本文介绍了一种计算城市天际线的算法,该算法通过处理建筑物的位置和高度信息,生成由关键点定义的城市轮廓线。文章提供了两种实现方案,一种使用了map数据结构,另一种采用了最大堆。
A city's skyline is the outer contour of the silhouette formed by all the buildings in that city when viewed from a distance. Now suppose you are given the locations and height of all the buildings as shown on a cityscape photo (Figure A), write a program to output the skyline formed by these buildings collectively (Figure B).
The geometric information of each building is represented by a triplet of integers [Li, Ri, Hi], where Li and Ri are the x coordinates of the left and right edge of the ith building, respectively, and Hi is its height. It is guaranteed that 0 ≤ Li, Ri ≤ INT_MAX, 0 < Hi ≤ INT_MAX, and Ri - Li > 0. You may assume all buildings are perfect rectangles grounded on an absolutely flat surface at height 0.

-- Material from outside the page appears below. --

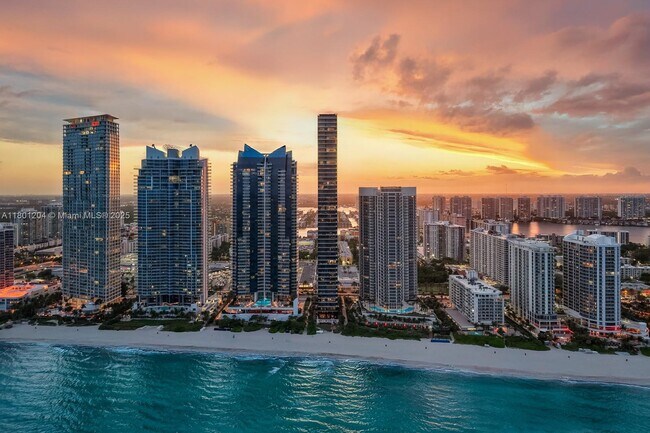 Building Photo - 17141 Collins Ave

For instance, the dimensions of all buildings in Figure A are recorded as: [ [2 9 10], [3 7 15], [5 12 12], [15 20 10], [19 24 8] ] .
The output is a list of "key points" (red dots in Figure B) in the format of [ [x1,y1], [x2, y2], [x3, y3], ... ] that uniquely defines a skyline. A key point is the left endpoint of a horizontal line segment. Note that the last key point, where the rightmost building ends, is merely used to mark the termination of the skyline, and always has zero height. Also, the ground in between any two adjacent buildings should be considered part of the skyline contour.
For instance, the skyline in Figure B should be represented as:[ [2 10], [3 15], [7 12], [12 0], [15 10], [20 8], [24, 0] ].
Notes:
- The number of buildings in any input list is guaranteed to be in the range
[0, 10000]. - The input list is already sorted in ascending order by the left x position
Li. - The output list must be sorted by the x position.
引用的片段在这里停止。